This week, our team officially kicked off Project BEATNET with a meeting attended by Aventusoft’s liaisons, Dr. Keider Hoyos and Dr. Diego Pava, along with our faculty advisor, Prof. Kejun Huang. The meeting established the foundation for our collaboration by clearly defining the project’s objectives and expectations. Aventusoft highlighted three key focus areas for our work: landmark detection, disease state classification, and system deployment. Our task is to develop AI models that can accurately identify PQRS-T waveforms in both normal and abnormal ECG signals, as well as classify various conditions, including arrhythmias, conduction abnormalities, pacemaker types, and signs of electrolyte imbalance. A distinctive feature of the project is to create both comprehensive models for cloud-based inference and streamlined models optimized for mobile device performance.

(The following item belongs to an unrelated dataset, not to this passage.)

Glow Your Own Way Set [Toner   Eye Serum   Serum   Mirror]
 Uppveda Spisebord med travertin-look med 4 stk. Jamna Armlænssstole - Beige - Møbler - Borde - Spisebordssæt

At the beginning of the meeting, the liaisons highlighted the importance of data. Ultimately, we will receive single-lead, 30-second ECG recordings in periodic batches, provided in MATLAB or NumPy formats, along with limited demographic details. Meanwhile, our team is expected to actively search for and use publicly available datasets, such as those from PhysioNet and MIT-BIH, to start initial model development while Aventusoft finalizes data sharing agreements. We are fully responsible for cleaning and preprocessing all the data.
From a technical standpoint, Aventusoft instructed us to use Python as our main programming language and PyTorch for all deep learning tasks, explicitly advising against TensorFlow due to previous compatibility issues. Our approach will begin with an extensive review of the latest research on single-lead, short-duration ECG analysis, adapting and fine-tuning existing models to fit the specific requirements of our project. We are also encouraged to apply semi-supervised learning methods to utilize unlabeled data for improved results.
A particularly important topic discussed was documentation. Aventusoft requires FDA-style documentation from all team members, including specifications of requirements, descriptions of system and algorithm designs, risk assessments, and verification and validation procedures. They emphasized that the quality of documentation is just as critical as the quality of the code for the project’s success and regulatory compliance.
Looking ahead, the immediate priorities for the upcoming week are to identify and evaluate suitable public ECG datasets, start an in-depth literature review of methodologies relevant to our project, brainstorm and document preprocessing strategies, and thoughtfully assign sub-tasks among team members. With clear direction from our liaisons and defined next steps, our team is excited to move from the planning phase into concrete research and development. We look forward to sharing our progress in the coming weeks!